Gli ultimi istanti di quiete,
l’ultimo lampo di spensieratezza: è l’inizio del pranzo di fine estate che
Marina Pietrofesa Cortese, matriarca ottantenne, ha imbandito per la famiglia,
in uno degli eleganti lidi della costa ionica lucana. Certo è strano che Wlady,
nipote prediletto di Marina, non sia arrivato, ma la sua assenza è solo
un’increspatura nell’atmosfera dorata che avvolge quella famiglia di antichi
latifondisti. Ben diversa la giornata di Viola Guarino, chiamata ad analizzare
una scena del crimine che sembra una quinta teatrale: il professor Vittorio
Ambroselli ucciso come Marat nella vasca da bagno della sua casa ricca di opere
d’arte. Uno come Ambroselli, riflettono gli inquirenti, tra cui l’affascinante
sostituto procuratore Loris Ferrara, poteva avere molti nemici: era il fisico
della Fossa Irreversibile in cui, a pochi chilometri da lì, negli anni
Cinquanta, erano state nascoste le scorie nucleari americane. E quando viene a
galla la relazione di sua figlia diciassettenne, Ginevra, con il giovane Wlady
– la cui assenza comincia ad assumere i contorni di una scomparsa – i due casi
appaiono inequivocabilmente collegati. La soluzione si trova solo nel presente
o in un passato che, come le scorie nucleari, è sepolto nelle profondità della
colpa? L’ultima estate dell’innocenza: un evento, un’esperienza, un topos che
per i protagonisti di questa storia torna e si ripete come una maledizione.
Commento:
Non mi soffermerò oltre sulla trama,
già sufficientemente svelata dal risguardo di copertina… Rileggendola a
distanza di giorni dalla lettura del romanzo, però, mi viene in mente una
considerazione che voglio condividere con voi, a commento di una storia nera
che, oltre a farmi ritrovare con grande piacere Viola Guarino, mi ha lasciato
dentro una tristezza nuova. La mia considerazione – che dà poi la stura a varie
riflessioni - riguarda l'importanza dei titoli: sin dal momento in cui ho appreso
– dalla bacheca Facebook dell'autrice – della pubblicazione di questo terzo
episodio della serie, ho avvertito qualcosa di disturbante nel titolo. Ho
realizzato solo ora, a lettura conclusa ed a storia sedimentata, che si trattava
della parola "freddo". Era come se, in un romanzo ambientato in Lucania,
per giunta in estate, fra natura lussureggiante, tramonti da favola e città accoglienti
e bellissime, questo termine stonasse, stridesse rispetto all'insieme. E invece…

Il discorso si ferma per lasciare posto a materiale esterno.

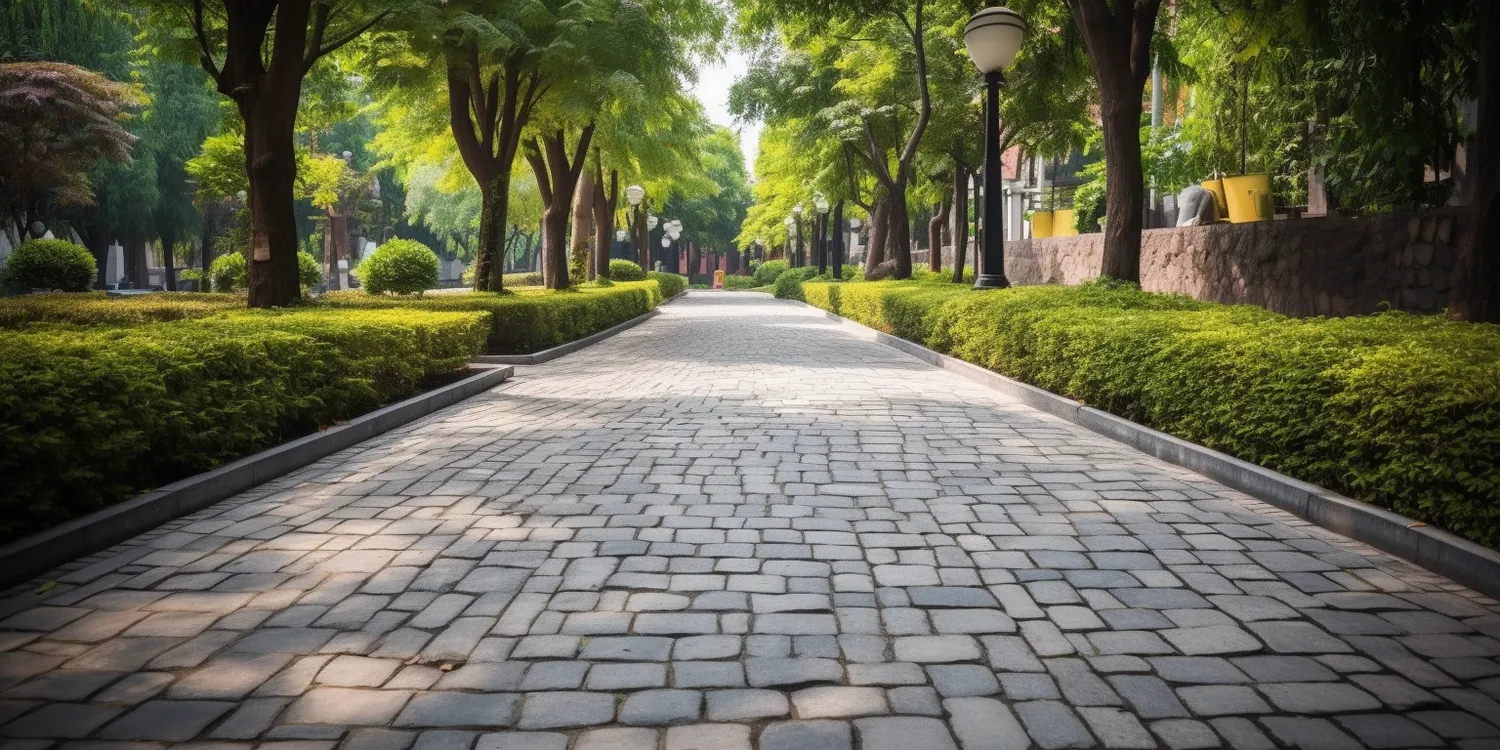 Koszt ułożenia kostki brukowej Stargard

invece no. Invece questo termine mi ha accompagnata per tutta la lettura e
anche dopo: rimaneva lì, dietro la coscienza, come una percezione altra e
costante, mentre registravo i cambi di ambientazione (stavolta siamo sul lato
ionico della regione), un distacco, una cupezza e una malinconia maggiore nella
protagonista, una maggiore crudezza nella trama e nella "scenografia"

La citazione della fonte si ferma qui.